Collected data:
□ □ □ □ □

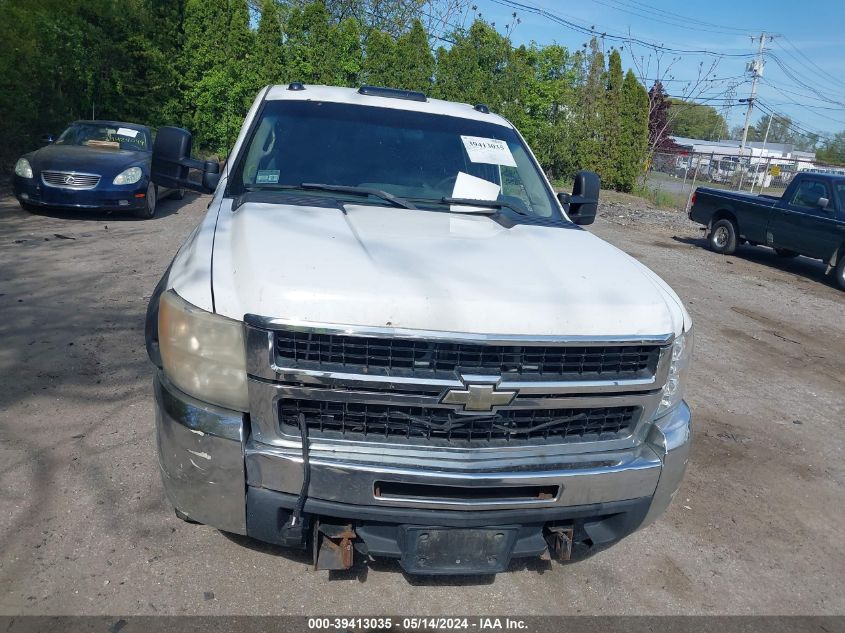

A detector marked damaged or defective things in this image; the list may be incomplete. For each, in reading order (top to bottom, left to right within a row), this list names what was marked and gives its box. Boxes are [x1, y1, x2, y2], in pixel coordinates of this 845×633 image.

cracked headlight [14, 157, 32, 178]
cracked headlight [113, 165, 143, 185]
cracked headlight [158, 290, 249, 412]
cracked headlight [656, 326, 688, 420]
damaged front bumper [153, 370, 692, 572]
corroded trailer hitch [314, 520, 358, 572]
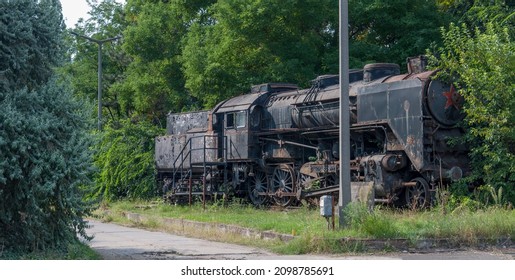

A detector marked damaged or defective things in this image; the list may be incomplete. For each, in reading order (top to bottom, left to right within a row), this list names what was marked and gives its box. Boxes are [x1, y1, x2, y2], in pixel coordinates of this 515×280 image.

□ □ □ □ □

**REQUIRED WORK**
Restate each entry word for word, leaving out any pictures.

**REPLY**
A detector marked damaged or defective things in this image; the list may be incomplete. For each, in reading order (top to bottom, left to right within a row), this list names what was marked and gives its box. Boxes are [x1, y1, x2, y2], in pixel coordinates of this 845×633 image.

cracked headlight [14, 157, 32, 178]
cracked headlight [113, 165, 143, 185]
cracked headlight [158, 290, 249, 412]
cracked headlight [656, 326, 688, 420]
damaged front bumper [153, 370, 692, 572]
corroded trailer hitch [314, 520, 358, 572]

A detector marked damaged or defective things in this image; the list may be incomplete. For each, in reading order (top to bottom, left to right within a row), this list names what was marked and gives its box. Boxes are [x1, y1, x2, y2], in pixel coordinates of this 515×280 image.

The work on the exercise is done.